The Legend of the Headless Chrome-man
Something has been bothering me for the last several weeks. I’ve learned that when I get this itchy feeling, it’s best to pursue it to it’s end so that I can remove it from my consciousness and move on to other things.
Such is the case of the headless chrome-man.
I’ve been working on a series of blog posts with accompanying project that demonstrates what a successful partner provided SaaS offering with multitenancy should look like. You can follow my story here:
If you look at the topic of multitant application development, you quickly realize that there is a needed interaction with the supporting platform. The way multitenant applications work is integrated with the concept of subaccounts existing within a global account on a particular landscape. The multitenant application account itself is deployed into a provider subaccount and registers itself with the system such that client subaccounts under the same global account can subscribe themselves to it.
Each subaccount currently must be created manually through the SAP Cloud Platform Cockpit user interface prior to it being subscribed to the multitenant app running in the provider subaccount(again within the same global account).
This poses a dilemma. What if I want my prospect clients to be able to sign up for my SaaS offering without any manual intervention? I don’t want to have to have a human in the workflow slowing things down. I want my clients to immediately start benefitting from my offering.
The manual process:
Currently there is no public API for programmatically managing the lifecycle of subaccounts. The manual process for creating a new subaccount looks like this.
Log into the SAP Cloud Platform Cockpit as a user with administrative rights to the global account.
This goes through an SSO authentication process that eventually lands you on the main page for the region in which the global account is hosted.
Select your global account.
Pick on the subaccounts link in the Info section or on the left-side menu bar.
This is the current url.
Notice it is at this point you can create a new subaccount with the “New Subaccount” button.
We can effectively start with this as our starting url and if we aren’t authorized in our current browser session, we’ll be relocated to our SSO sign-in screen and then relocated back to this screen.
What’s important to understand is that in an authorized mode, the browser contains cookies that allow further actions with the server because it’s maintaining a session context with the server. If you loose(or have never established) a session, you’ll get an unauthorized response. This is why you can’t just use curl and basic-auth to simulate these steps.
Just to show you what the next step looks like, we’ll click on the button and we get presented with the following popover dialog box. There are a few mandatory text fields you need to enter and a few combobox fields that allow you to select the environment, provider, and region. Depending on your choices, the dialog changes to allow for specifying a mandatory subdomain field. As long as the subdomain is unique to the landscape, clicking the “Create” button with result in a successfully created new subaccount.
Easy right? Now how would you go about automating that set of actions in a browser???
Intelligent Robotic Process Automation:
My first inclination is to bring out the SAP toolbox and see what I can wield to accomplish the task.
Intelligent Robotic Process Automation(iRPA) seems like it might fit the bill nicely.

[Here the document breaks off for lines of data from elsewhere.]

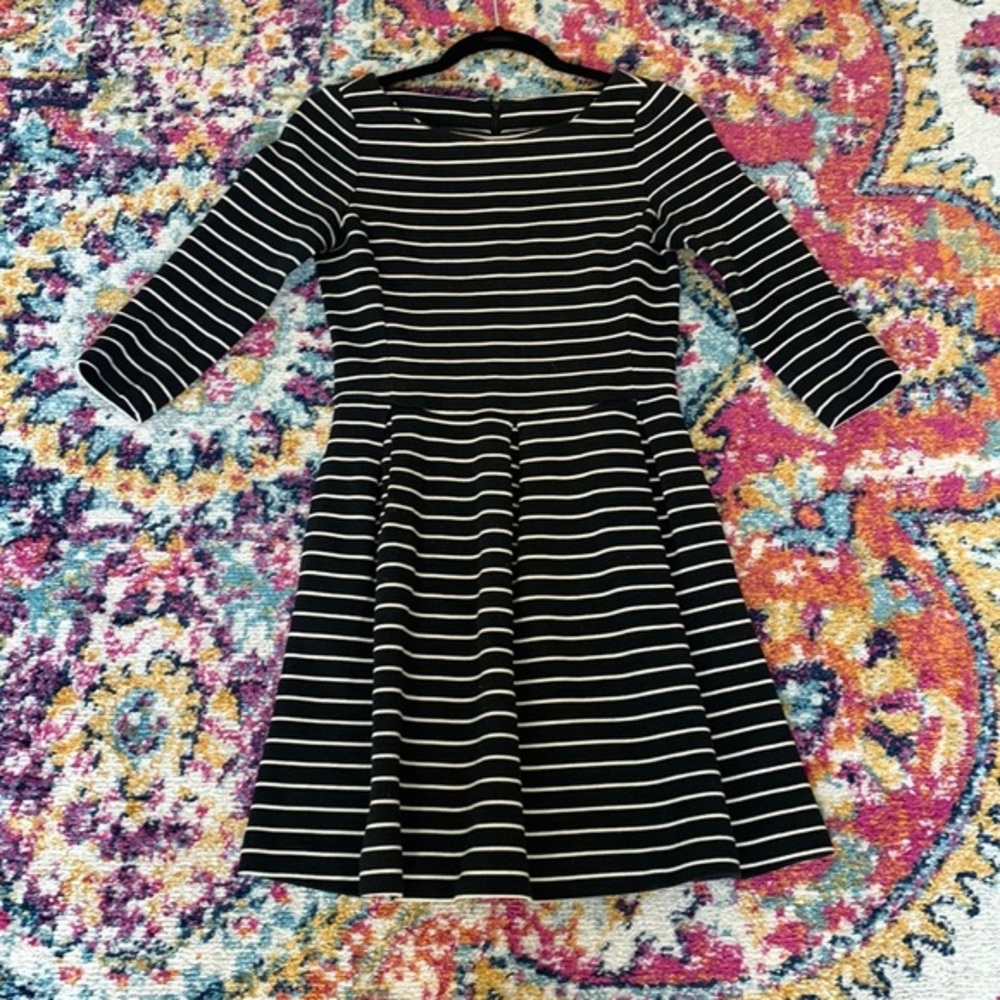 Banana Republic classic fit and flare striped dress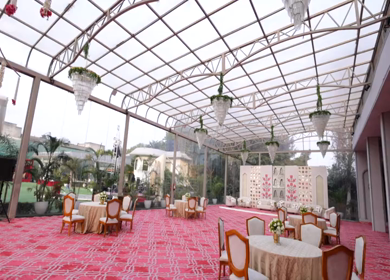 9th February, 2024 : A shot of Indian Wedding venue decorated at New Delhi, India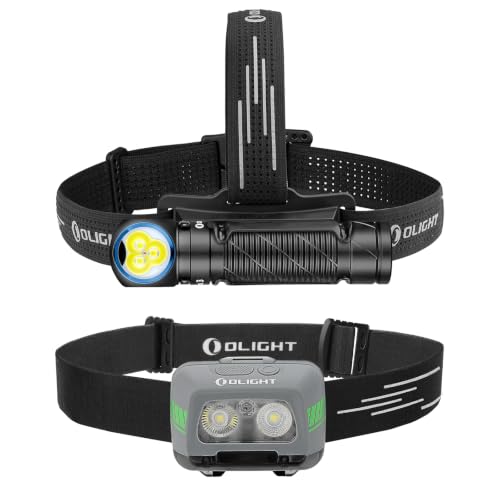 OLIGHT Perun 3 Headlamp Rechargeable, Red Light, Waterproof Bundle with EasyWave LED Headlamp 3X AAA Battery Powered (Batteries Included)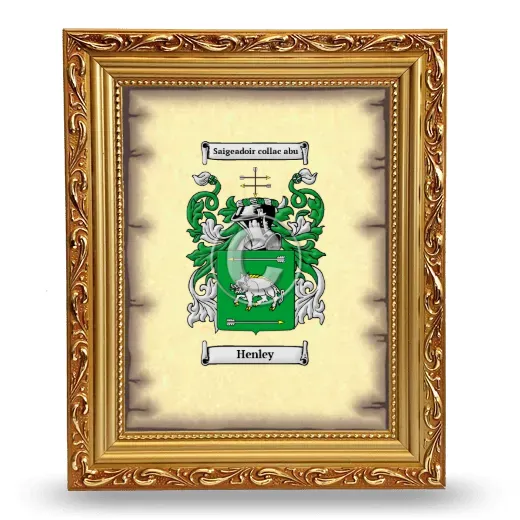 Henley Coat of Arms Framed - Gold
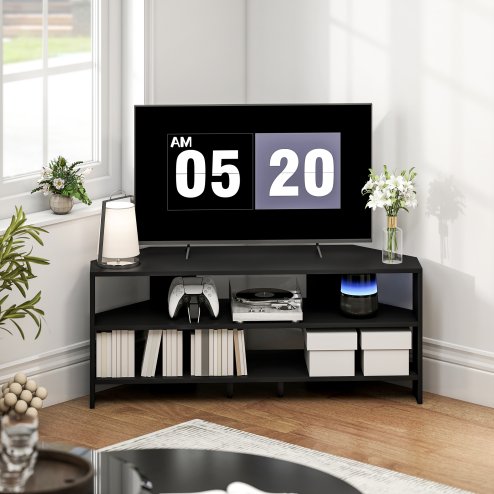 HOMCOM Corner TV Stand for 47 Inch Television, Modern TV Unit with 2 Open Shelves for Living Room, Bedroom, Black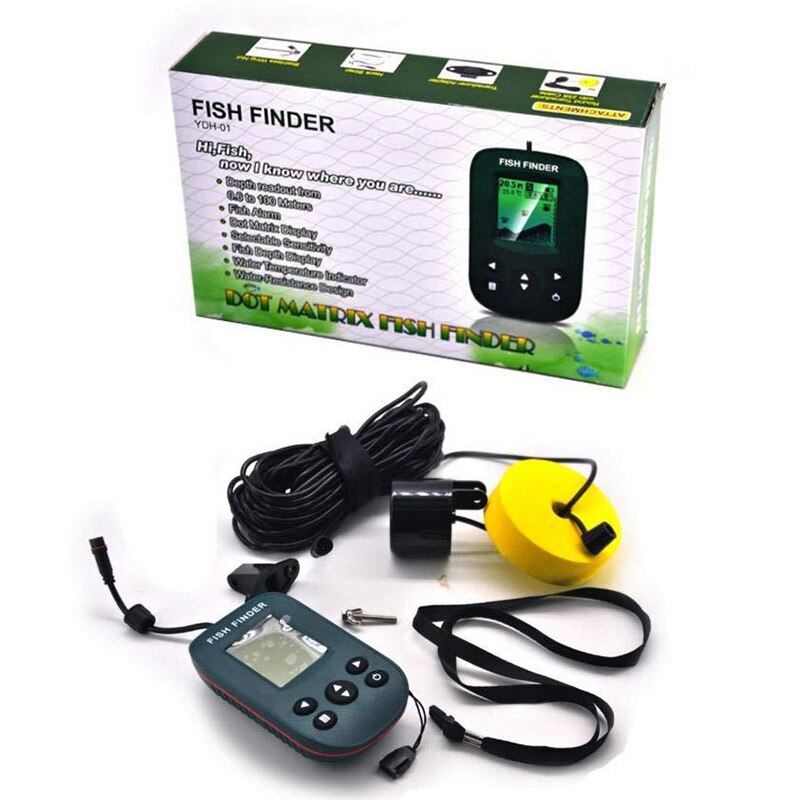 Draagbare Draadloze Fish Finder Echo-Sirene Vissen Dieptemeter Sonar Sirene Bereik Alarm Transducer Fishfinder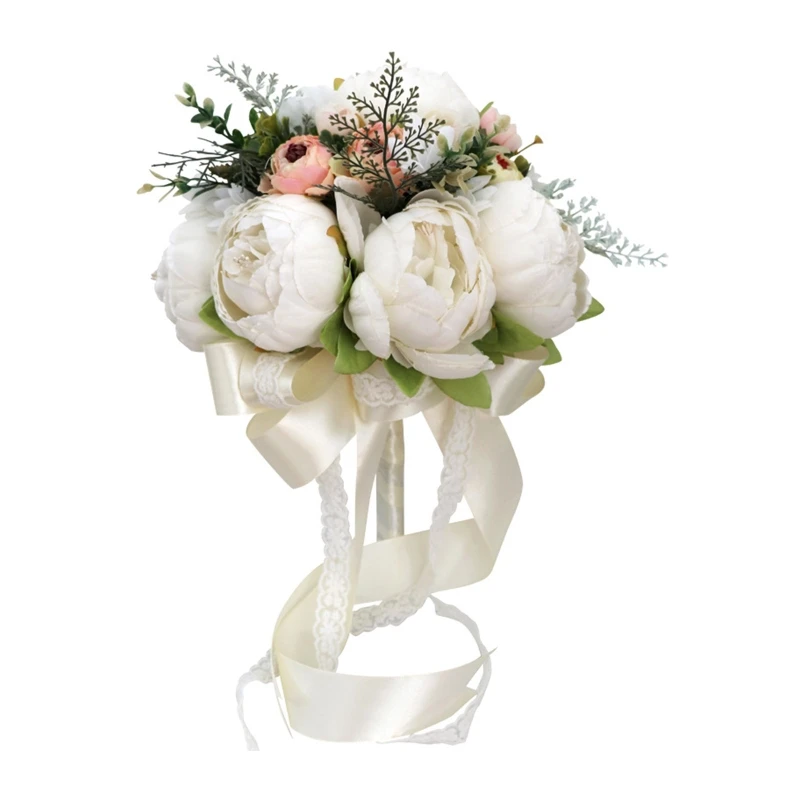 Artificial Peony Wedding Bridal Bouquet Romantic Bride Bridal Holding Flower N0HE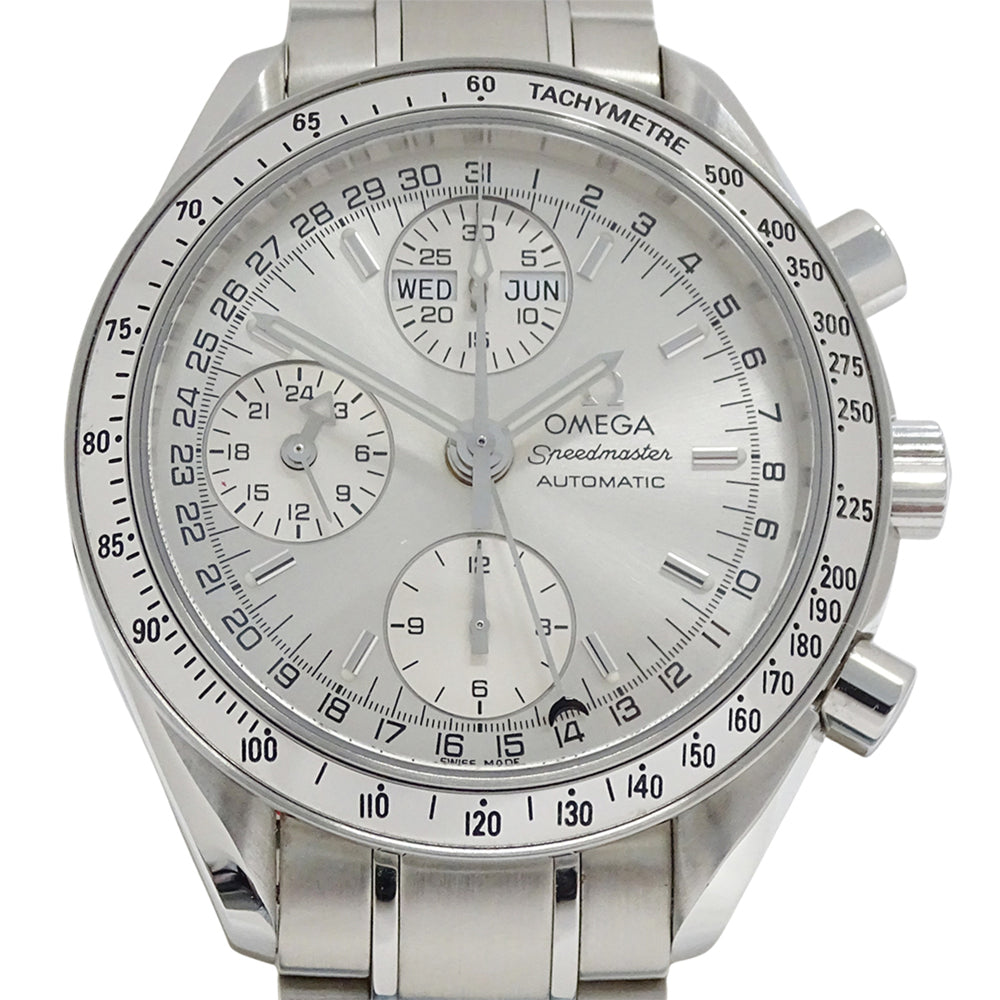 Omega Speedmaster 3523.30 Men's Watch, Brand Name, Triple Calendar, Automatic Winding, Stainless Steel (SS), Silver — Good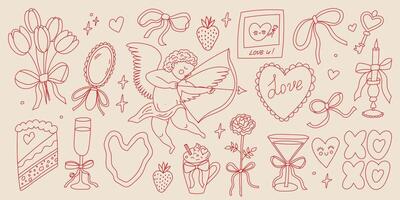 Various romantic doodles featuring a cherub, hearts, and love-themed elements on a soft background vector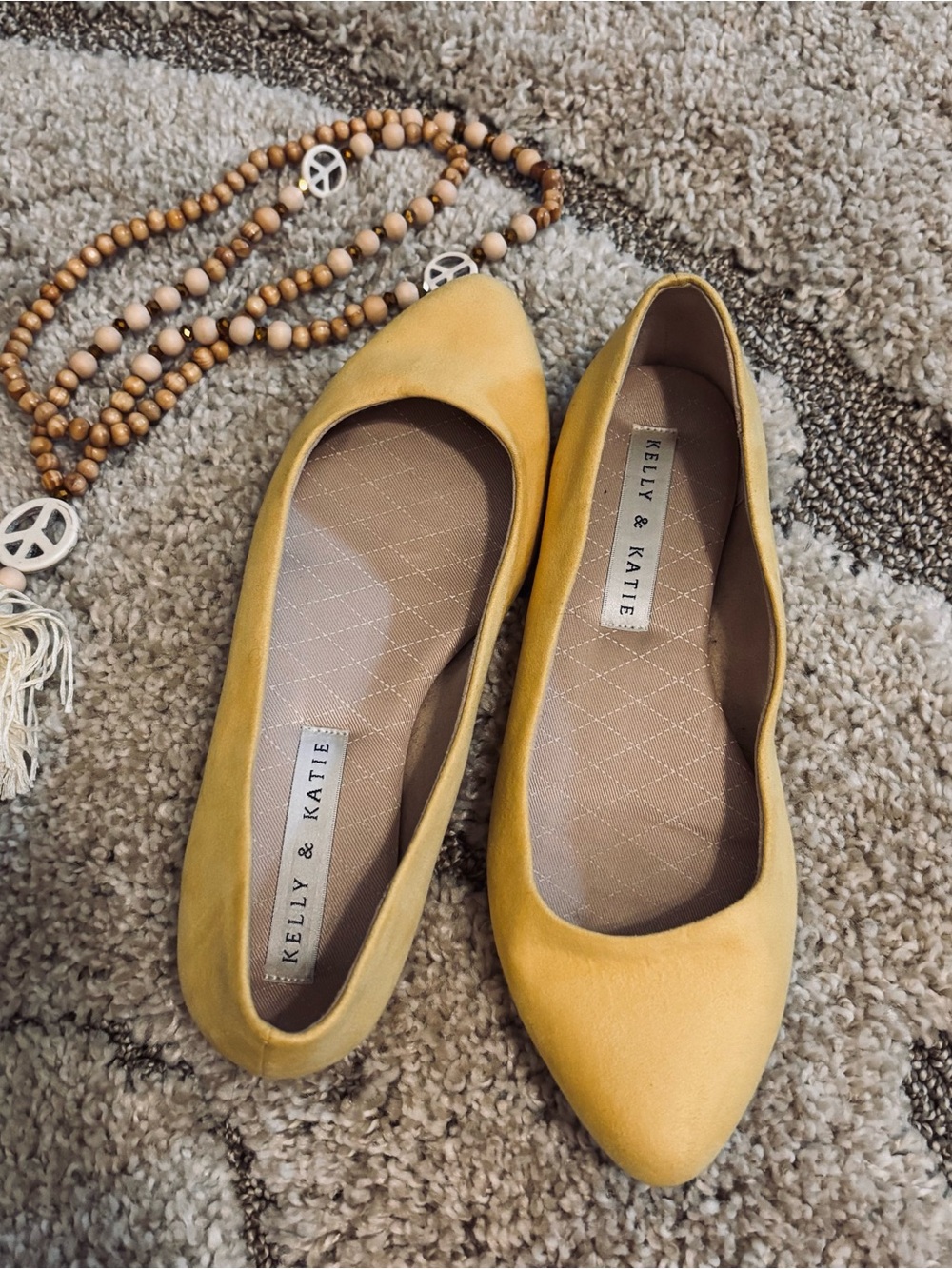 Brash Mustard Yellow Pointed-Toe Ballet Flats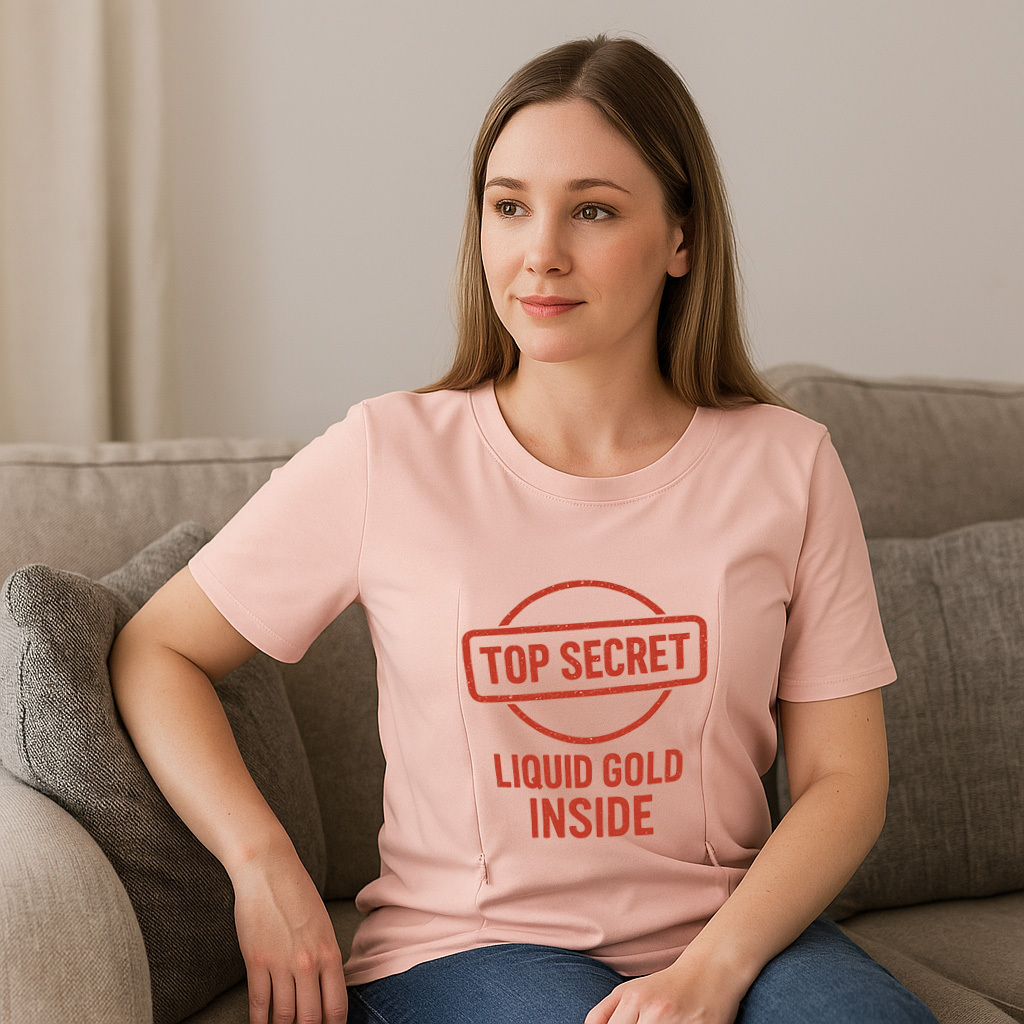 totkeeps Liquid Gold Nursing Tee | Discreet Side Zipper | brand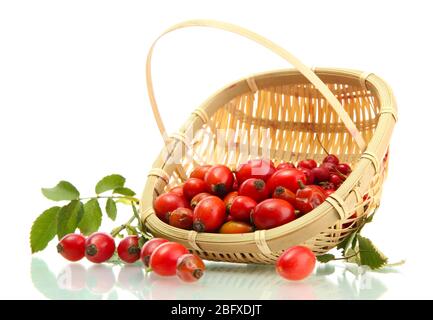ripe hip roses with leaves in basket, isolated on white Stock Photo
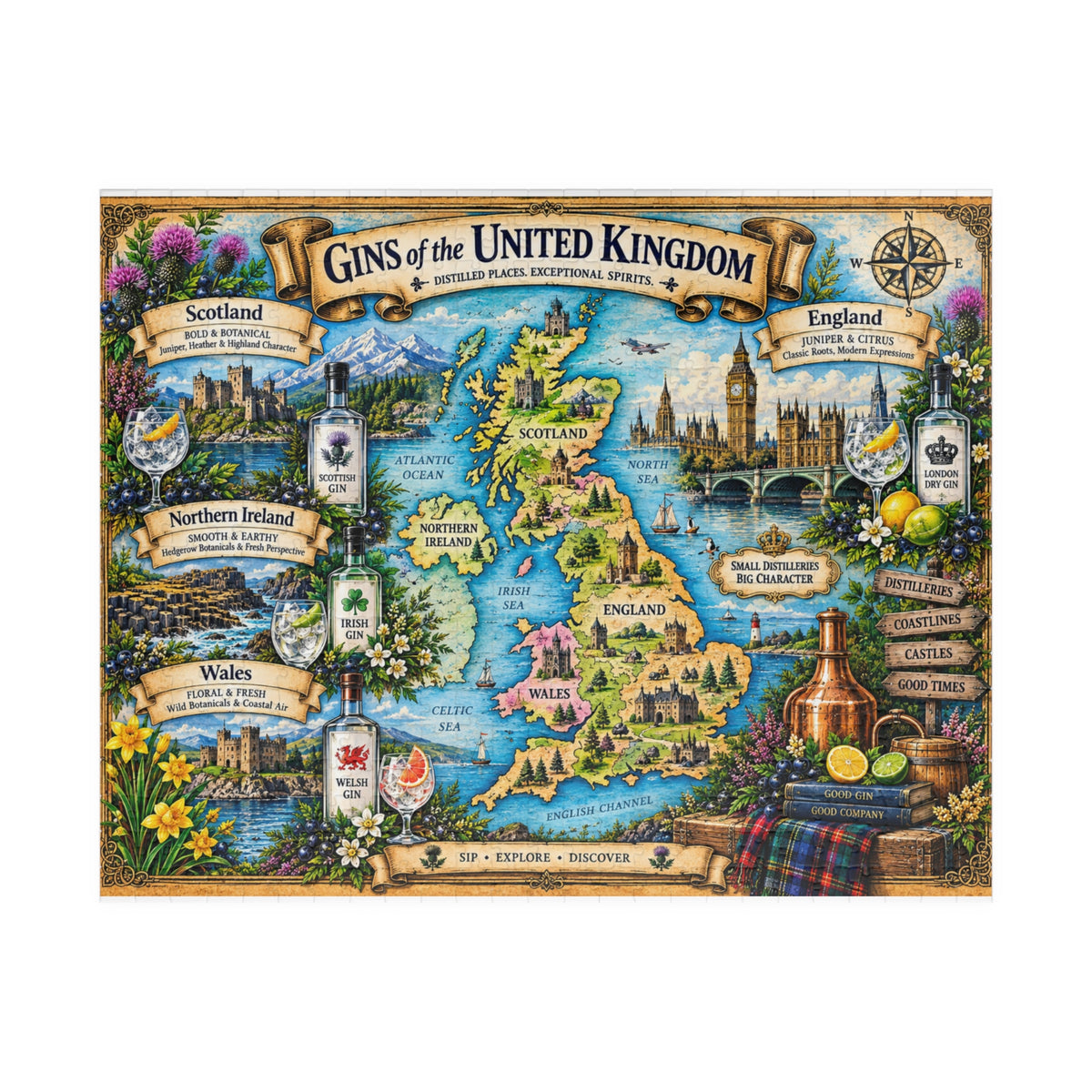 Gins of the United Kingdom jigsaw puzzle map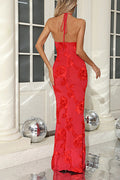 Halter 3D Floral Embroidered Gown | Dress In Beauty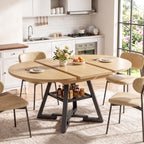 Jocoevol Extendable Round Dining Table for 4-8, Round to Oval Dining Table with Open Storage Shelf, Space Saving Expandable Kitchen Table, Modern Design for Apartments & Dining Rooms,Grey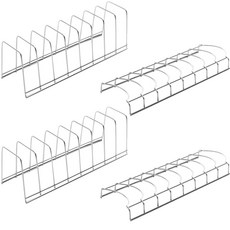 milsten 不鏽鋼餐具收納架 2個+盤子收納架 2個組, 銀
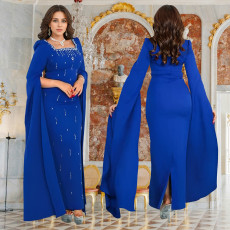 Cape Sleeve Rhinestone Split Dress BY-7259
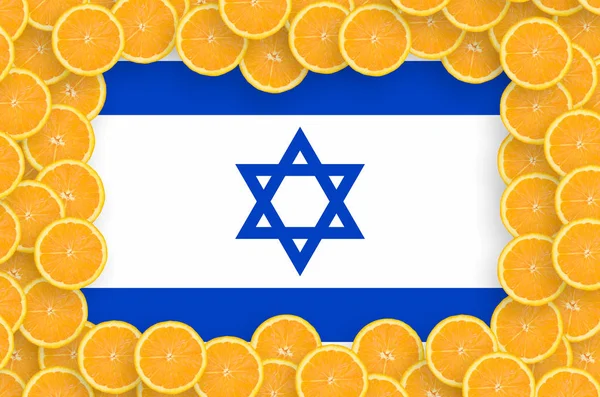 Israel Flag Frame Orange Citrus Fruit Slices Concept Growing Well — Stock Photo, Image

iRPA does its work by controlling Windows based applications(including browsers) by understanding those applications structure and using windows system provided mechanisms to replicate user actions. Once a set of tasks is defined, it’s uploaded to a SAP Cloud Platform side component to manage and schedule the jobs(tasks).
In addition, it can work in a user-centric way that guides a windows user to automate portions of their work and assist with hints and desktop integration with AI agents.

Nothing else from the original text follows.